**Activity:**
Where an entry below contains an image, skip the image and reproduce the rest exactly.

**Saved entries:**
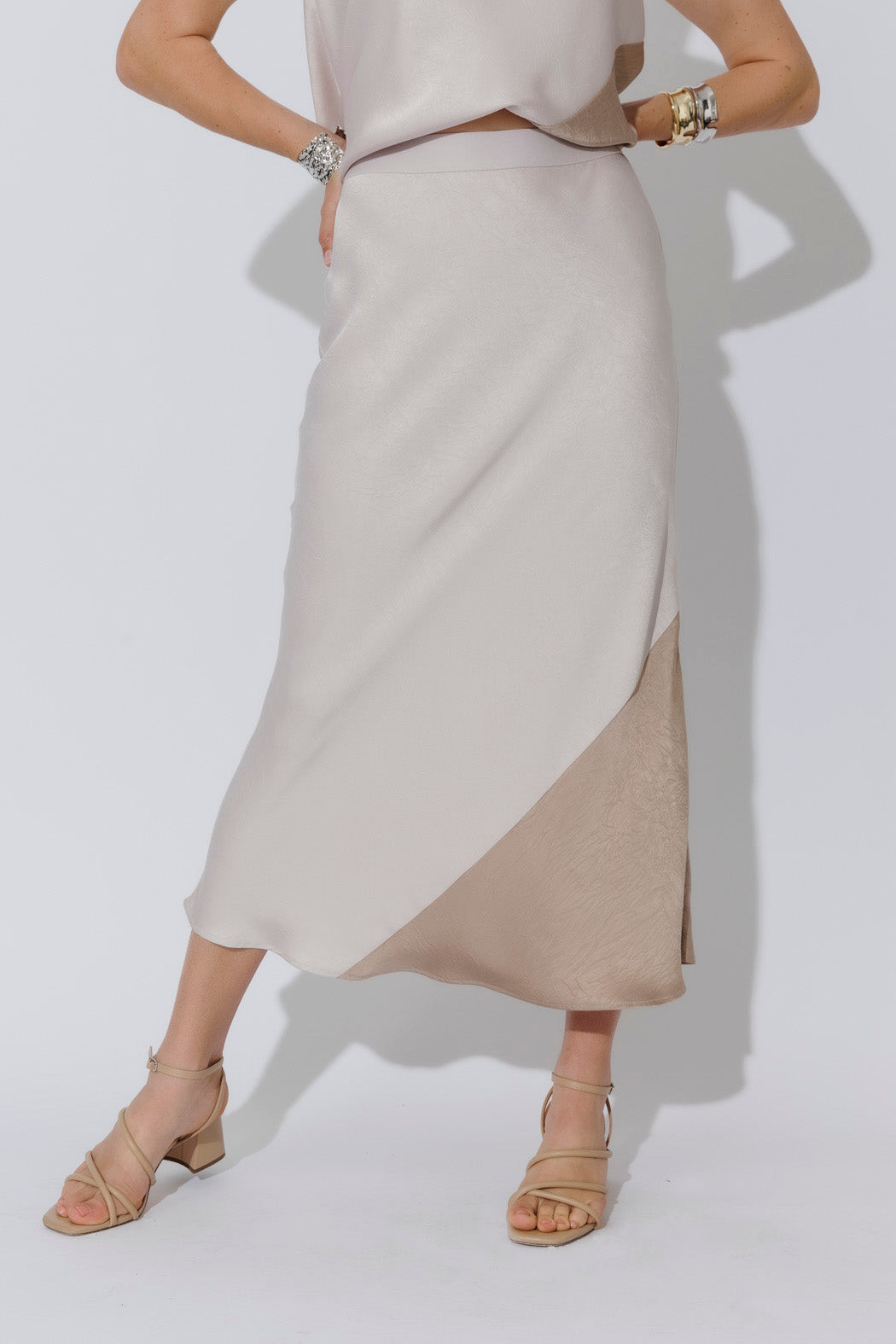 Champagne Contrast Bias Skirt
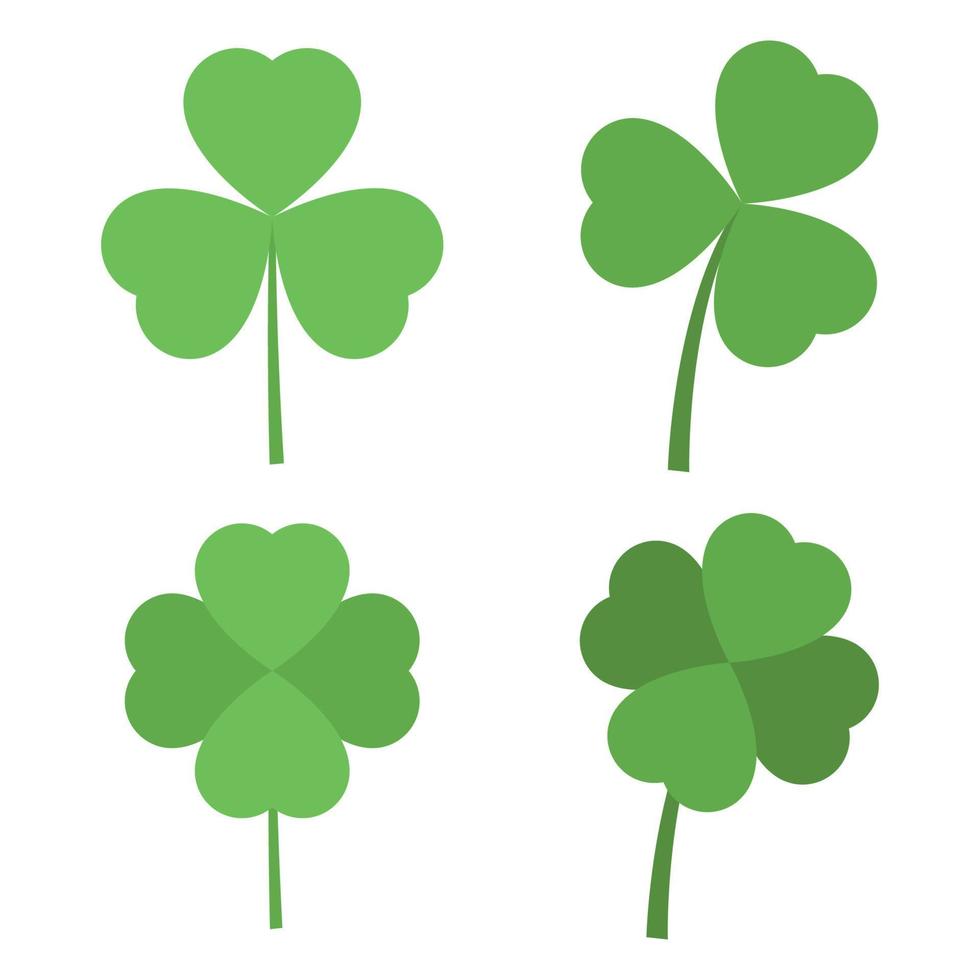 Clover Leaves Flat Green Collection vector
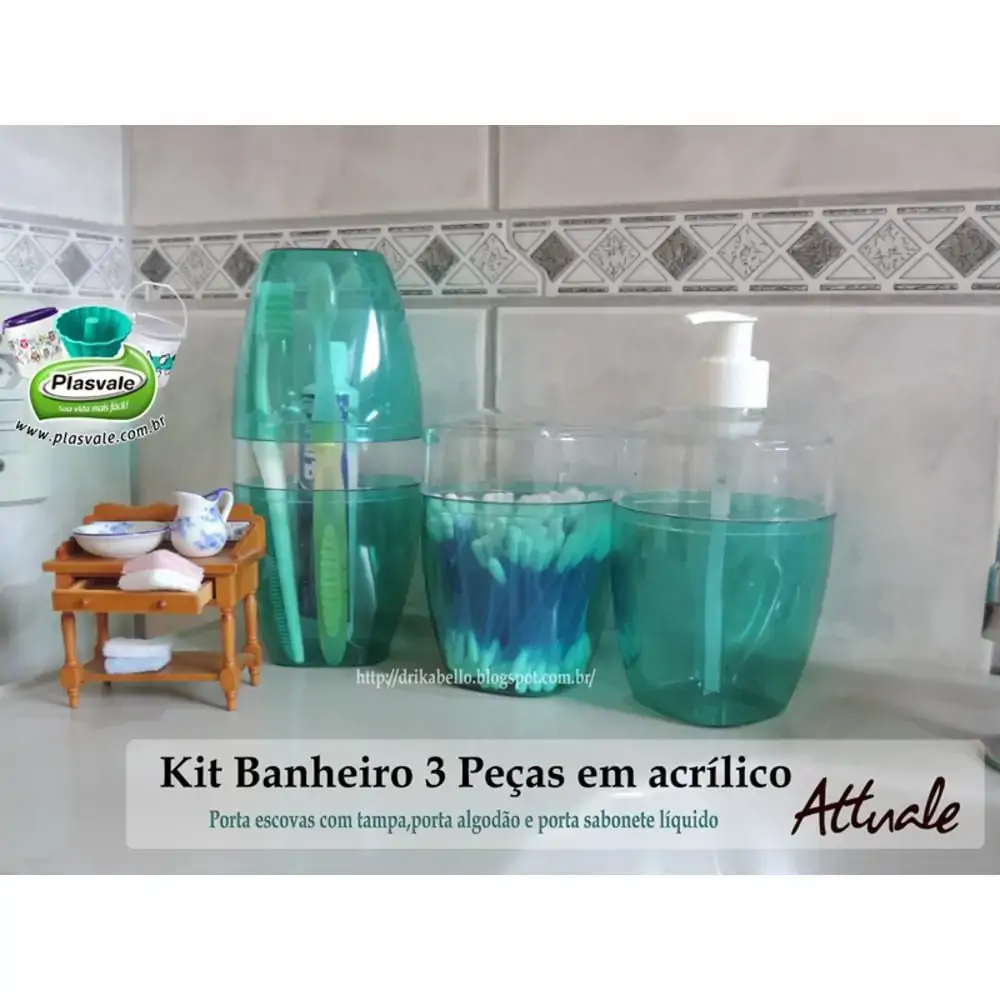 Kit Banheiro Plasvale Azul 3pcs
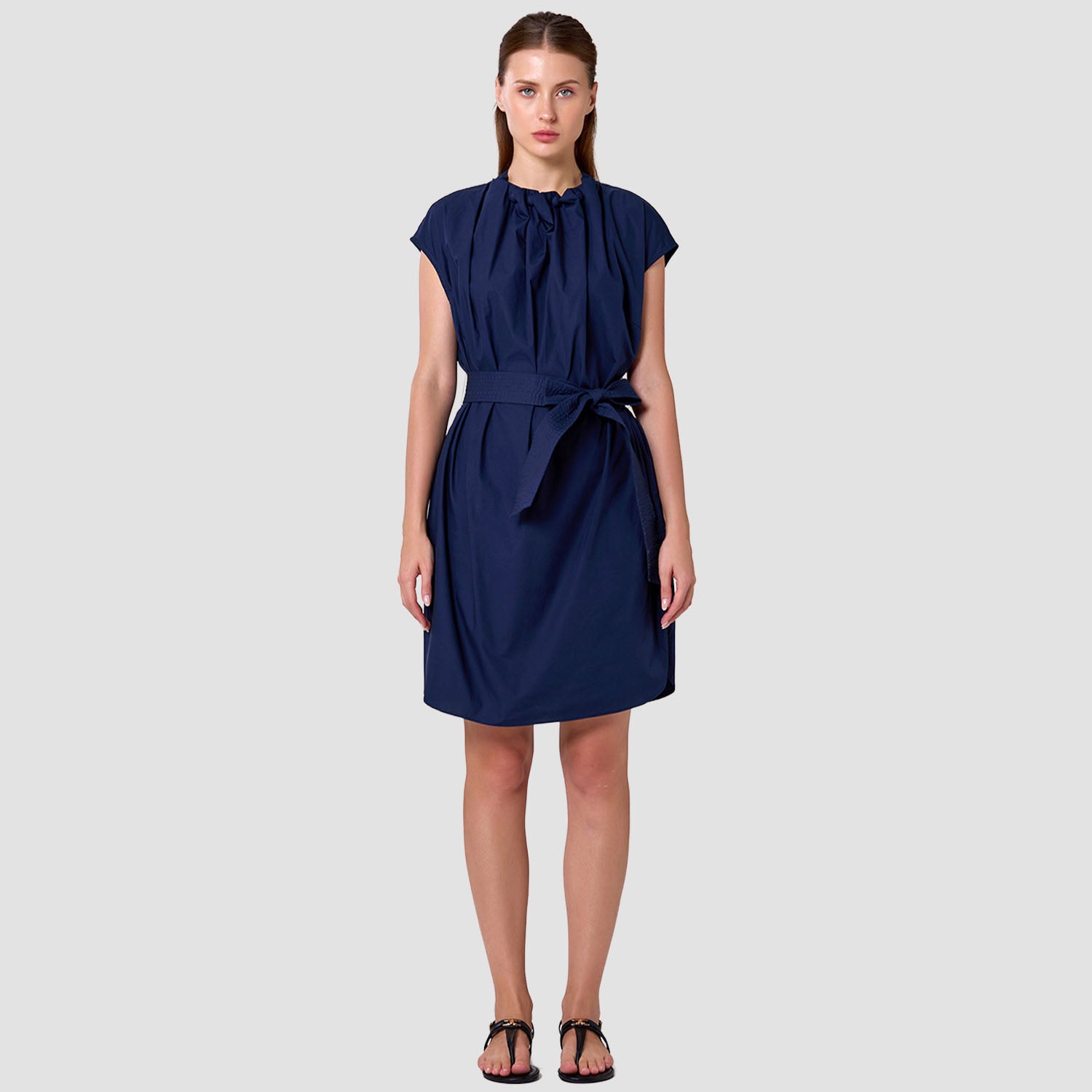Robe à encolure froncée et ceinture nouée - Smart & Joy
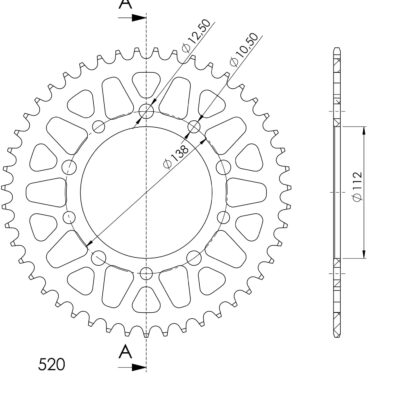 Couronne aluminium 47 dents Honda XL1000 V Varadero 1 SD01 - Supersprox (AB509X47)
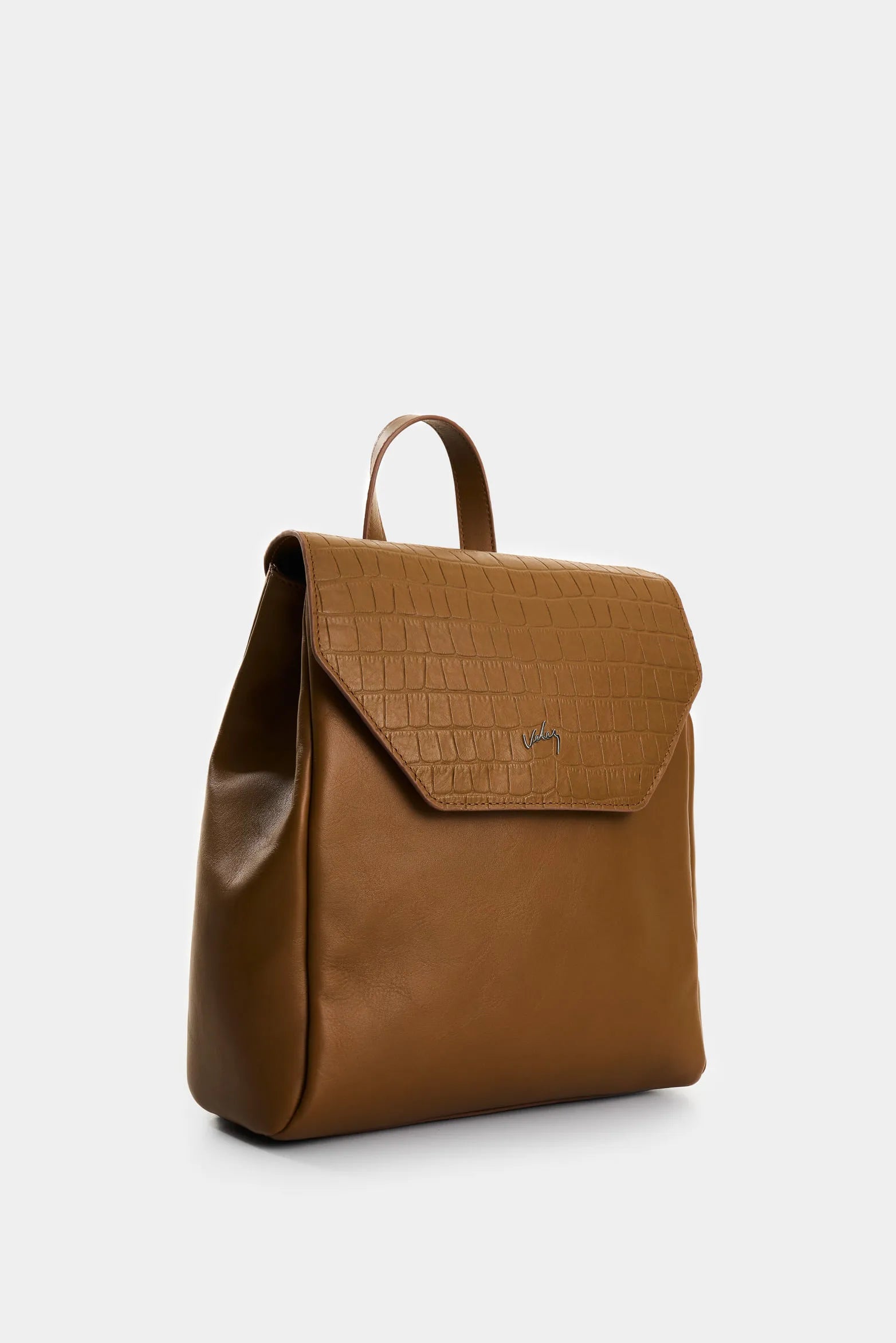 MOCHILA ROSARIO DE CUERO PARA MUJER CORTE HEXAGONAL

**Response box:**
 Champagne Contrast Bias Skirt
 Clover Leaves Flat Green Collection vector
 Kit Banheiro Plasvale Azul 3pcs
Robe à encolure froncée et ceinture nouée - Smart & Joy
 Couronne aluminium 47 dents Honda XL1000 V Varadero 1 SD01 - Supersprox (AB509X47)
 MOCHILA ROSARIO DE CUERO PARA MUJER CORTE HEXAGONAL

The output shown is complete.